Die Hamburg Media School verleiht den Medienpreis seit 2005. In diesem Jahr hatten sich mehr als 100 Absolventen unterschiedlicher Fachbereiche mit ihren qualitativ hochwertigen Arbeiten beworben, 15 von ihnen kamen in die Endrunde, so die HMS-Pressemitteilung. Mit dem HMS-Medienpreis werden wissenschaftliche Arbeiten ausgezeichnet, die einen starken Medienbezug aufweisen und sich thematisch möglichst mit einem der drei Ausbildungsbereiche der HMS beschäftigen: Medienmanagement, Journalismus oder Film. Ziel ist es, die herausragenden Arbeiten deutschsprachiger Hochschulabsolventen einer interessierten Öffentlichkeit zugänglich zu machen. Die HMS möchte Nachwuchswissenschaftler dazu motivieren, ihre Forschungsergebnisse nicht ungesehen im Regal verschwinden zu lassen.

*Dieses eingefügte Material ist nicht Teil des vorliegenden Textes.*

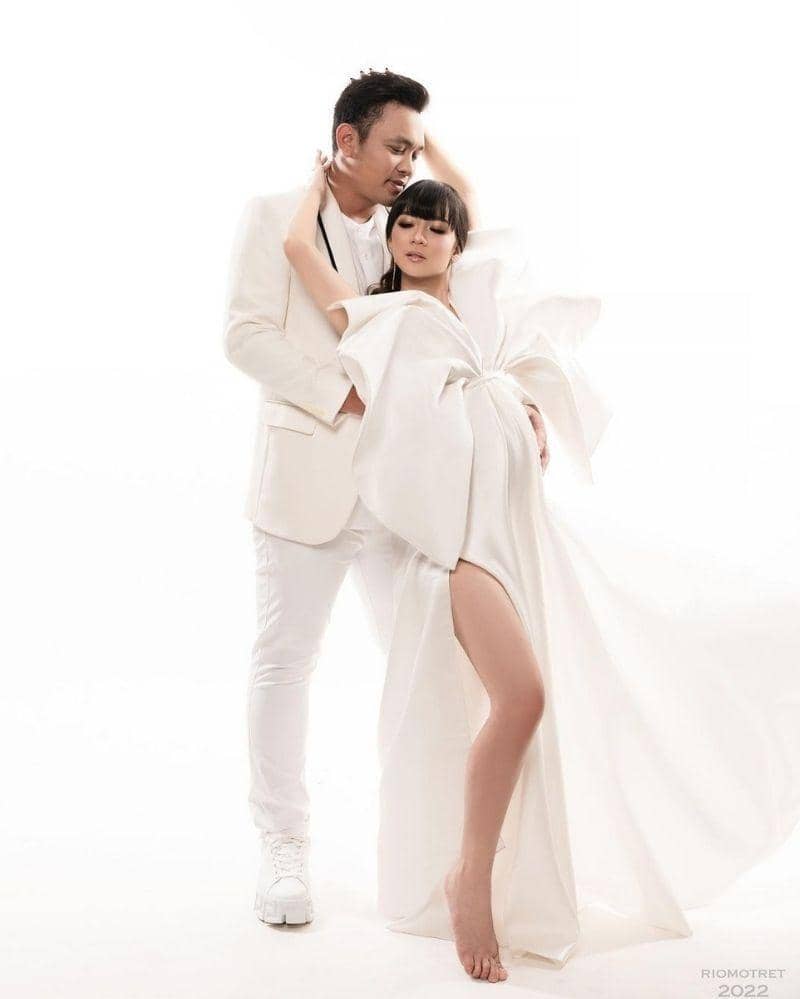 Instagram.com/adieztyfersa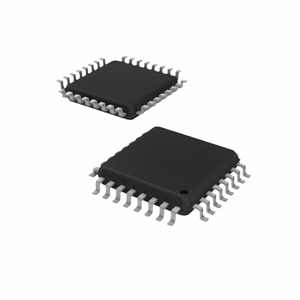Original Buy Electronics Components Online 32 LQFP Embedded S9S08RNA16W2MLCR - Product Image 1
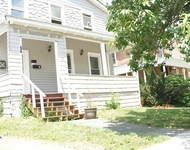 Unit for rent at 22 Ulster Avenue, Walden, NY, 12586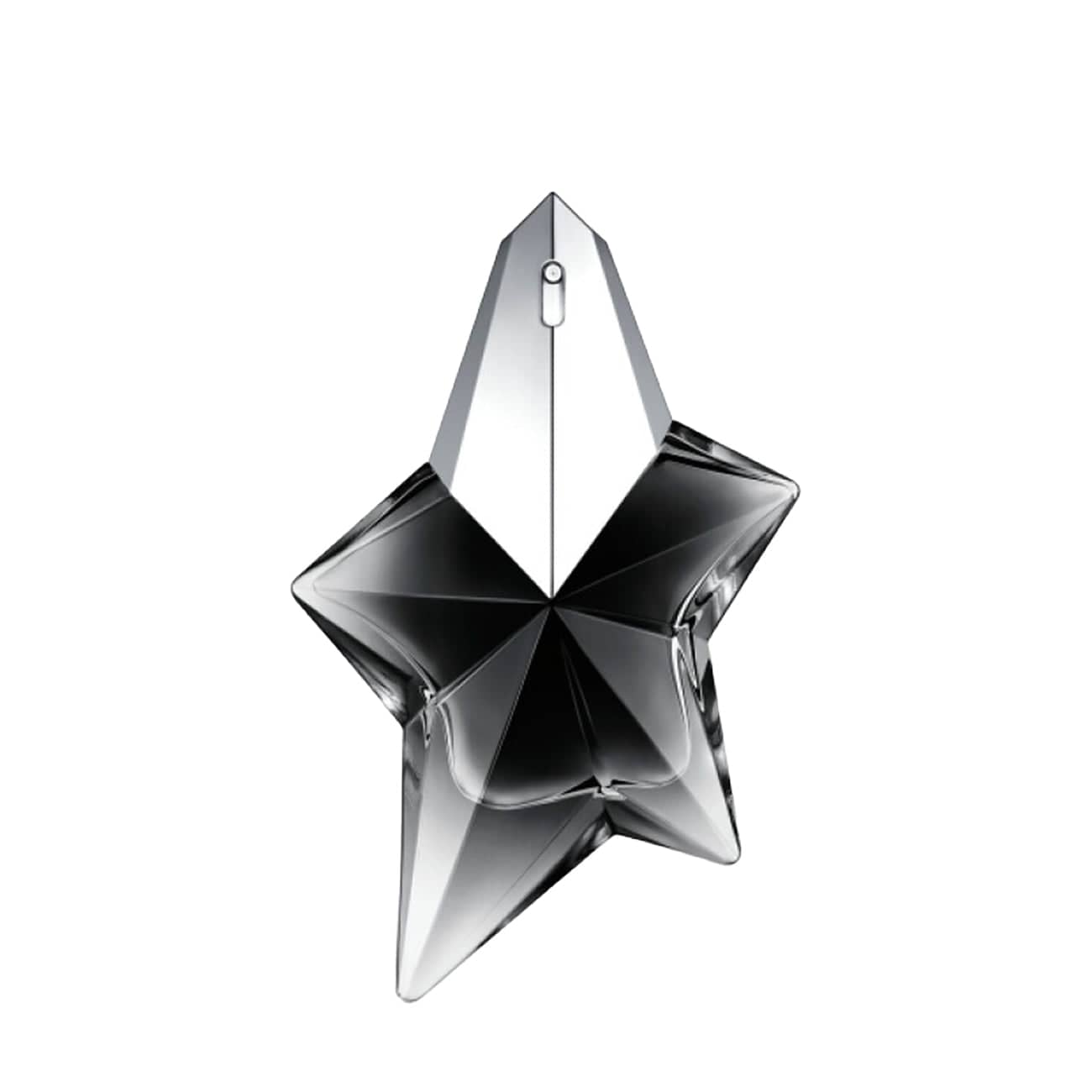 Mugler Angel Fantasm 3.4 oz Edp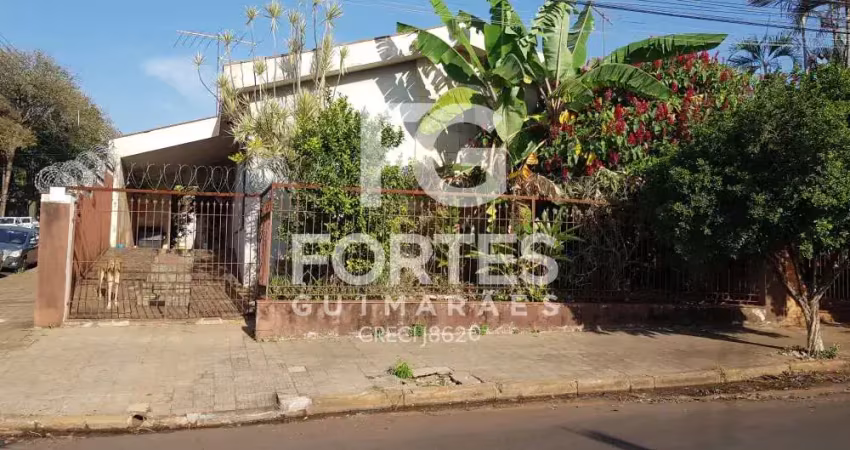 Casa no bairro jardim são luiz com 3 quartos com 196 m² de área construída!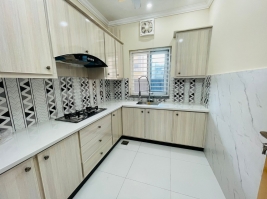 8 Marla House for sale , Faisal Town - F-18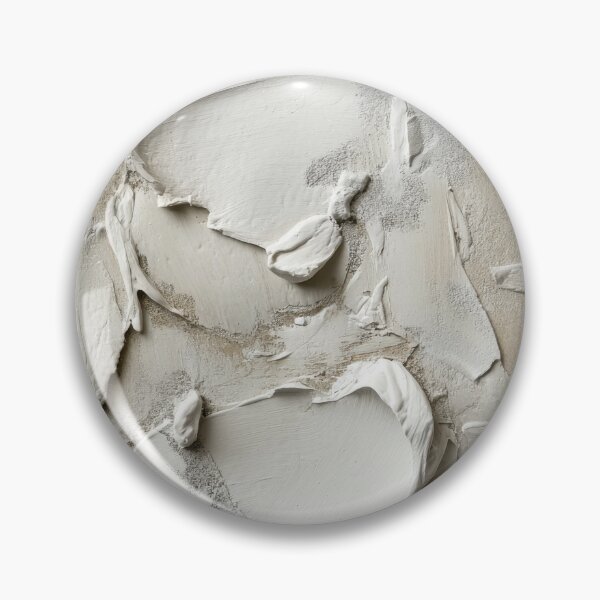 Item preview, Concrete Concept designed and sold by Visual-Elixir.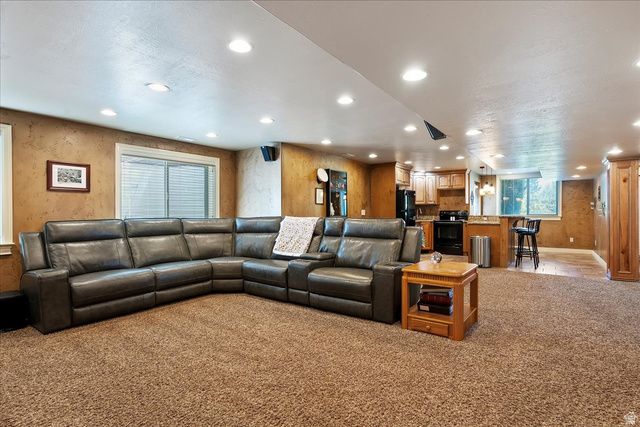 4388 N 250 W, Pleasant View, UT 84414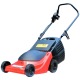 Газонокосилка электрическая MA.RI.NA GX-33 E 800 W в Ставрополе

5 Gedanken zu „Newsdesk in Mainz: Mehr Schein als Sein?“

  1. das Untersuchungsergebnis verwundert nicht- schließlich hat der newsdesk bei Springer in Berlin rd 50 Redakteuren und Redakteurinnen ihren bisherigen Arbeitsplatz gekostet.Ein Chefredakteur einer Tageszeitung hat mir vor 2 Jahren gesagt, newsdesk sei ein geschickt verpacktes Sparmodell.